[Personal_archives] dialogue on arrangement and digital personal archives
Heather Home
home at queensu.ca
Thu Apr 5 15:46:08 EDT 2012
Hello everyone,
Thinking about "the digital" has made me harken back to our previous
readings about arrangement and think about the "series according to
record/physical type" that was being promoted in the PAC manual in the
'70's. I think that donors themselves seem to do that with some of their
digital objects in mixed media fonds. How often are all of their videos
physically stored together, or you get the old disk box of floppies, or
all of their photographs are in a photo drawer, or on one drive. I would
say that this is changing rapidly, but has reflected the way in which
the creators have seen this material - as different from the other
material but unified through its difference.
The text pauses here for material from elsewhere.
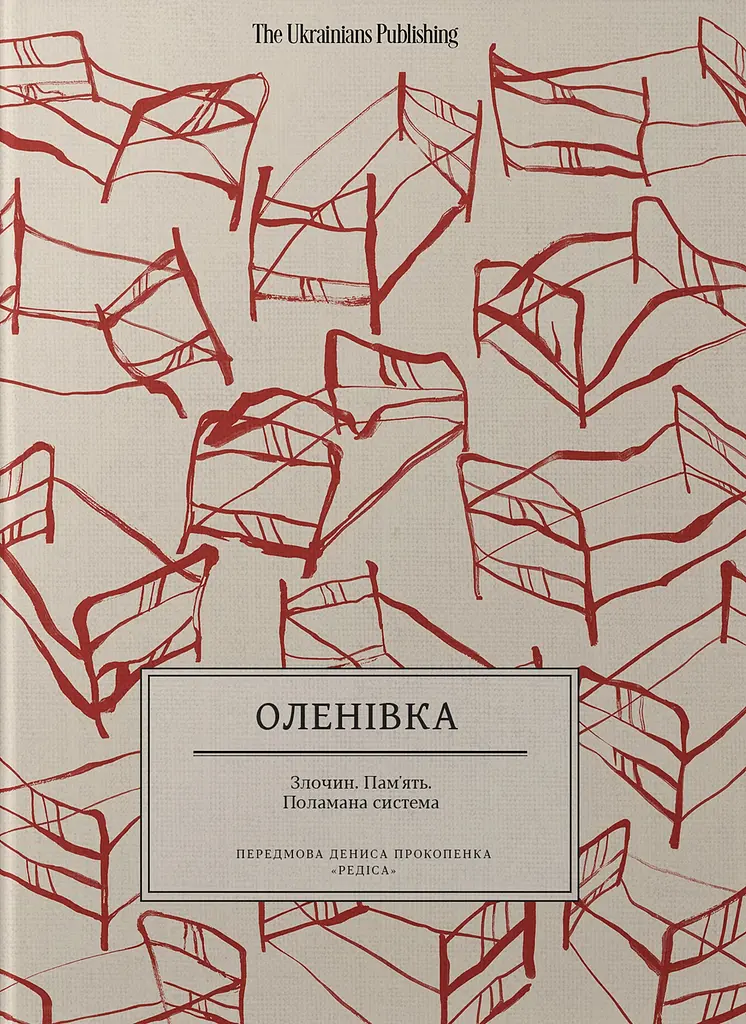 Оленівка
That said, I have
integrated digital or various media objects into multiple series
descriptions (despite them all being handed to me in a box, despite
multiple "series" being on one diskette) and I have also left it as a
separate media-dependent series, it all depends on how strong or weak I
see the bonds of interrelation.
I'm also struck by the statement in Sarah Kim's article (not her
statement but a quote from a study) that “in our analog past, the
default was to discard rather than preserve; today the default is to
retain”. While I am sure this is proven in quantitative ways,
personally, in talking with donors about their digital habits with
regard to email in particular, but also with versions and drafts of
documents as well, the digital gets tossed or written over more
frequently in their digital life than it ever did in their analog life.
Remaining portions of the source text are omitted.